Your objective.
Output the first line below and each one after it, exactly, up to and including the line holding "It works. We". Pictures should not be copied.

Stored data entries
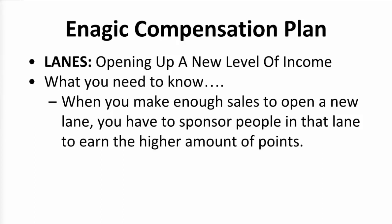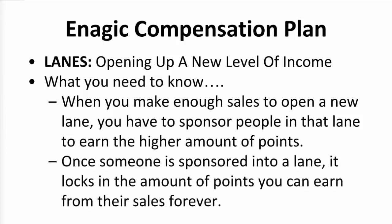Number 2: once someone is sponsored into a lane, it locks in the amount of points you earn from their sales forever. So if you put someone into the 2A lane, you'll always make 2 points from their sales as long as they're within 8 points. If you put someone into the 4A lane, you'll always make 4 points from their sales as long as they're within 8 points. That doesn't affect their sales counting towards your rank or bonuses — it only affects how many out of the 8 points of commission that you'll make from their sales. The key is, as you grow your team and rank up and sponsor people into the higher lanes, you'll make a lot more money from your new sales as well as the sales in your downline.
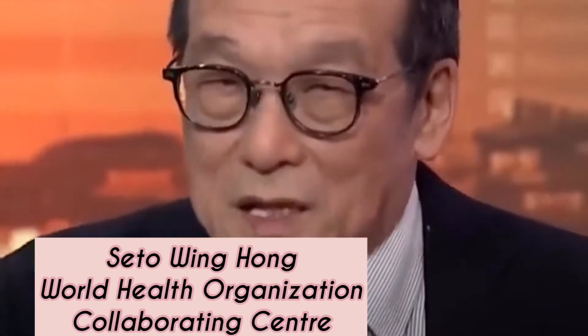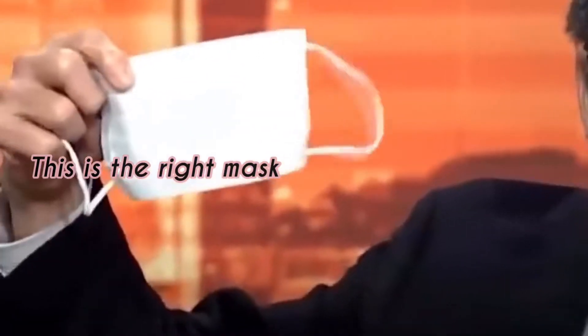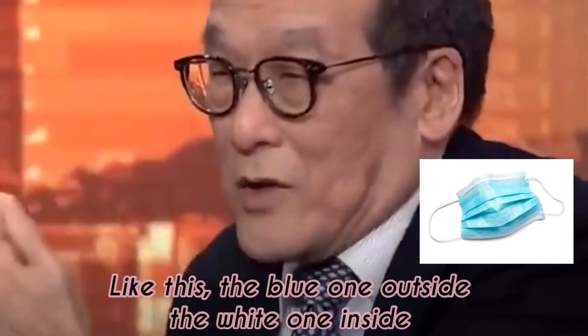It works. We have done many studies. Now this is the right mask — like this. The blue on the outside, the white on the inside.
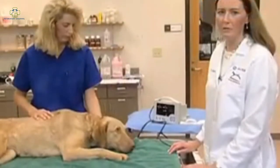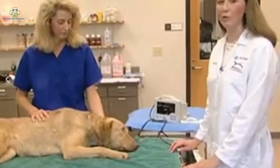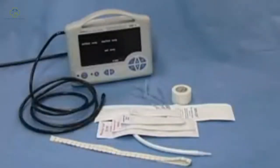The next method of blood pressure measurement we're going to demonstrate is the oscillometric method. This again requires placement of a cuff over a major artery. The best places to measure are just below the elbow, above the tarsus, or the tail in the dog. Here is the equipment required: the oscillometric blood pressure machine, a selection of cuffs, a measuring tape for determining cuff size, and some white tape.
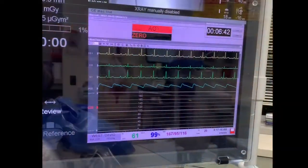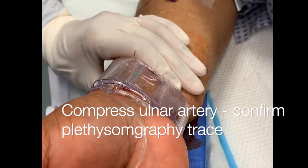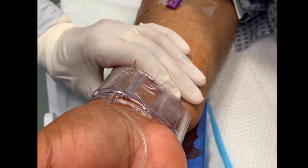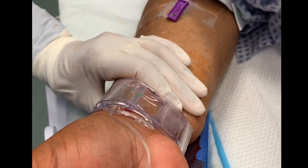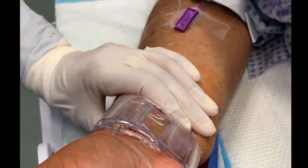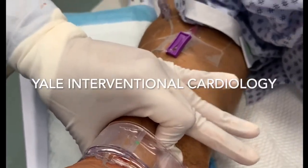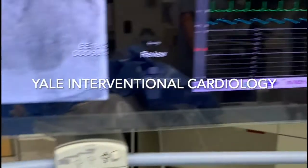Plethysmography is placed on an index finger. You can see good waveforms there. We are intentionally compressing the ulnar artery to ensure that we are still getting a good tracing on the pleth, which suggests that the radial artery is not occluded but has flow. This is the best way to ensure patent hemostasis.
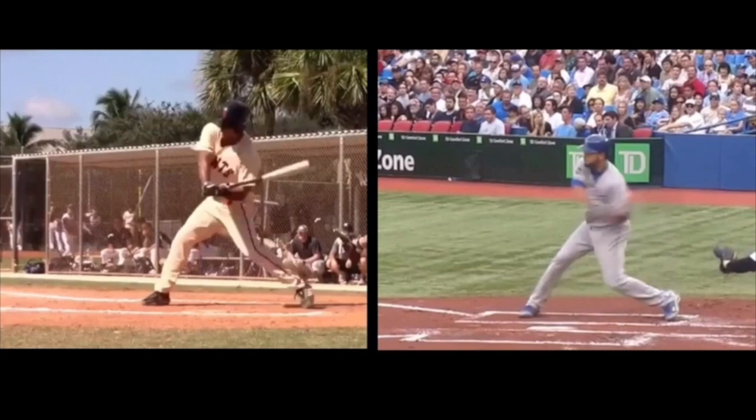Now as we get to these next couple frames, it's the most important part of this. As you'll see, both attack from a bent front leg, which allows them to adjust.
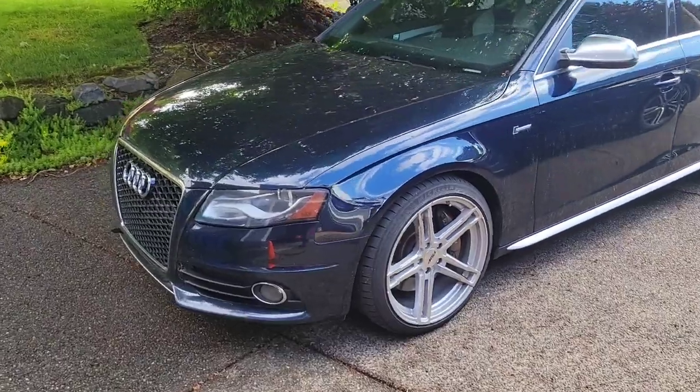Welcome back to the Place With Cars YouTube channel. My name is Michael — got a full mug of coffee and a whole lot of work to do today, so let's get into it.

Response to this task.
Number 2: once someone is sponsored into a lane, it locks in the amount of points you earn from their sales forever. So if you put someone into the 2A lane, you'll always make 2 points from their sales as long as they're within 8 points. If you put someone into the 4A lane, you'll always make 4 points from their sales as long as they're within 8 points. That doesn't affect their sales counting towards your rank or bonuses — it only affects how many out of the 8 points of commission that you'll make from their sales. The key is, as you grow your team and rank up and sponsor people into the higher lanes, you'll make a lot more money from your new sales as well as the sales in your downline.
It works. We have done many studies. Now this is the right mask — like this. The blue on the outside, the white on the inside.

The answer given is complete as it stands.